[Recorded data]
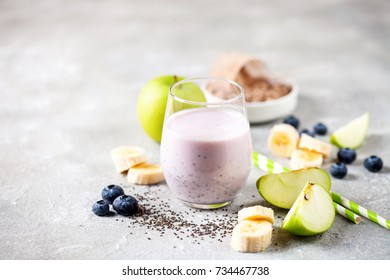 Healthy Fresh Smoothie Drink From Green Apple, Banana, Chia Seeds And Plant Protein Powder In The Glass. Selective Focus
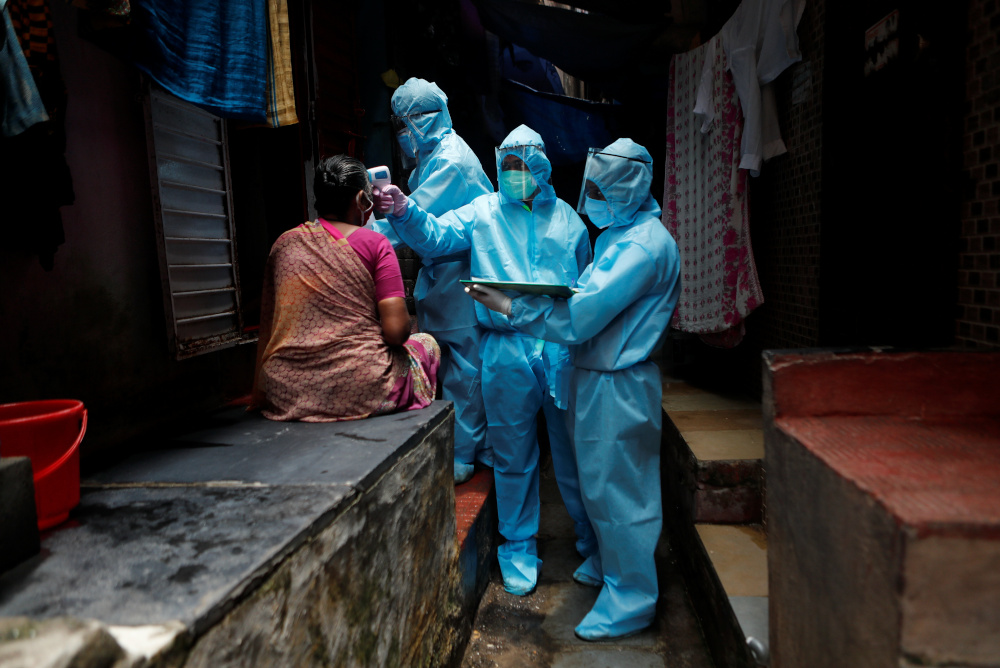 Healthcare workers check the temperature of a resident at a slum during a check-up camp for the coronavirus disease in Mumbai, India June 14, 2020. u00e2u20acu201d Reuters pic 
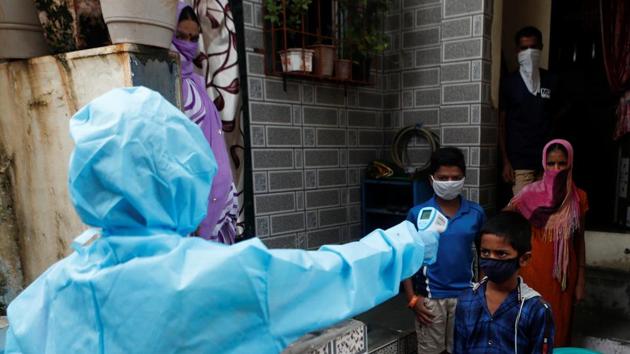 A healthcare worker checks the temperature of a resident during a medical campaign for the coronavirus disease at a slum area in Mumbai on July 1.(Reuters Photo) A healthcare worker checks the temperature of a resident during a medical campaign for the coronavirus disease at a slum area in Mumbai on July 1.(Reuters Photo)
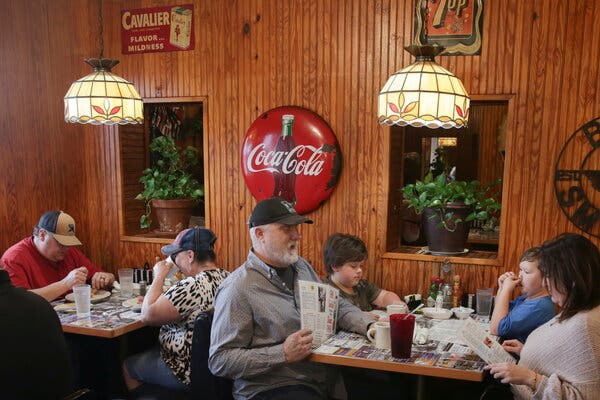 Masks were off in Bill Smith’s Cafe in McKinney, Texas, after Gov. Greg  Abbott issued a rollback of coronavirus prevention restrictions.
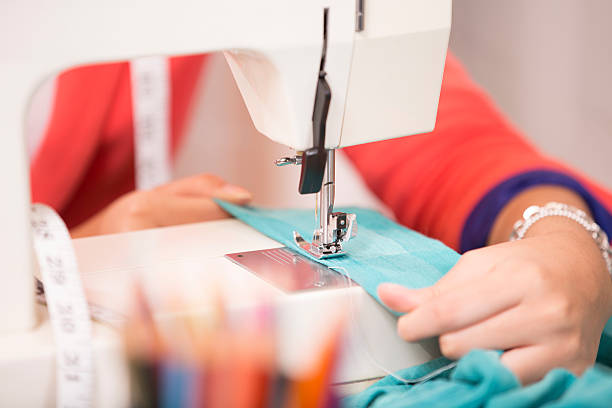 seamstress sews tela, ropa con máquina de coser. primer plano. - craft adult blue busy fotografías e imágenes de stock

● **What you are asked to do**: Each entry must be reproduced word for word, and any image among them left out.

● **Solution to the problem**:
 Healthy Fresh Smoothie Drink From Green Apple, Banana, Chia Seeds And Plant Protein Powder In The Glass. Selective Focus
 Healthcare workers check the temperature of a resident at a slum during a check-up camp for the coronavirus disease in Mumbai, India June 14, 2020. u00e2u20acu201d Reuters pic 
 A healthcare worker checks the temperature of a resident during a medical campaign for the coronavirus disease at a slum area in Mumbai on July 1.(Reuters Photo) A healthcare worker checks the temperature of a resident during a medical campaign for the coronavirus disease at a slum area in Mumbai on July 1.(Reuters Photo)
 Masks were off in Bill Smith’s Cafe in McKinney, Texas, after Gov. Greg  Abbott issued a rollback of coronavirus prevention restrictions.
 seamstress sews tela, ropa con máquina de coser. primer plano. - craft adult blue busy fotografías e imágenes de stock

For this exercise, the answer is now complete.